Zhipu AI Deploys Single-Rollout Asynchronous Optimization for More Stable LLM Training
Key Takeaways
- ▸Single-rollout sampling with SAO improves training stability and reduces off-policy effects in asynchronous RL for LLMs
- ▸SAO outperforms GRPO baselines across multiple agentic benchmarks (SWE-Bench Verified, BeyondAIME, IMOAnswerBench)
- ▸Successfully deployed at scale in GLM-5.2 (750B-A40B) model training, demonstrating production-ready effectiveness
Summary
Researchers have developed Single-rollout Asynchronous Optimization (SAO), a new technique for training large language models using reinforcement learning that addresses key stability challenges in agentic tasks. Unlike traditional batch-based RL approaches that are inefficient for long-horizon problems, SAO uses asynchronous training but replaces group-wise sampling with single-rollout sampling to reduce off-policy effects and improve generalization. The technique also introduces a strict double-side token-level clipping strategy to enhance optimization stability.

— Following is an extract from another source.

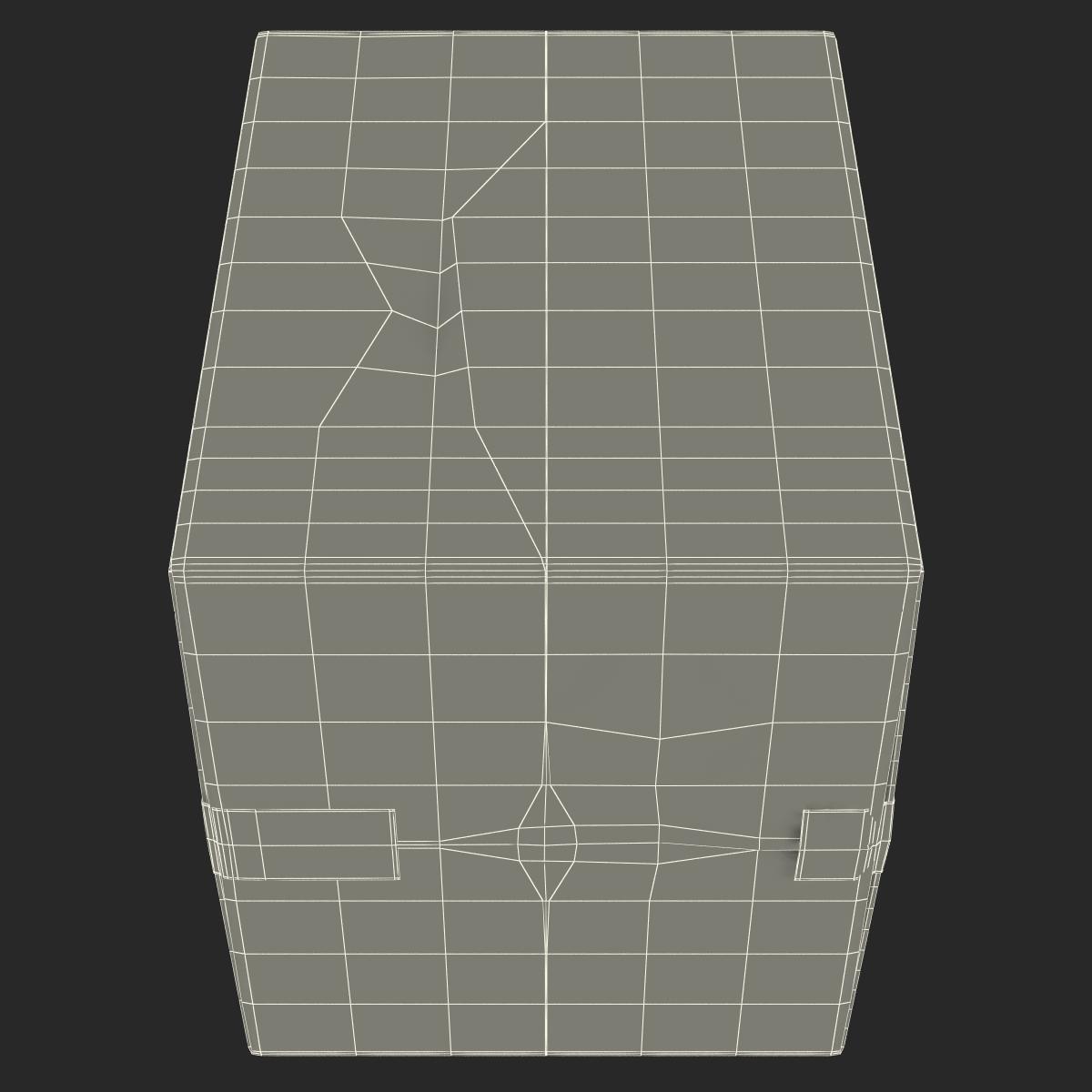 3D model Cardboard Box 2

SAO was successfully deployed in the agentic RL pipeline for training the open GLM-5.2 model (750B-A40B) and consistently outperformed existing methods like GRPO on challenging benchmarks including SWE-Bench Verified, BeyondAIME, and IMOAnswerBench. The researchers demonstrated that SAO can train stably for over one thousand steps and is particularly effective in online learning scenarios where models must adapt to changing environments. The technique's practical effectiveness in large-scale model training suggests a significant step forward in making RL post-training more efficient and reliable for production LLM systems.
- Particularly effective for online learning scenarios where models must continuously adapt to evolving environments
Editorial Opinion
This research represents meaningful progress in making RL-based LLM training both stable and scalable. The transition from batch-synchronized to genuinely asynchronous RL has been a long-standing challenge, and addressing both throughput and training stability simultaneously is valuable. That the technique successfully deployed in a large production model (GLM-5.2) adds credibility, though independent reproduction on other model families would strengthen confidence in its generalizability.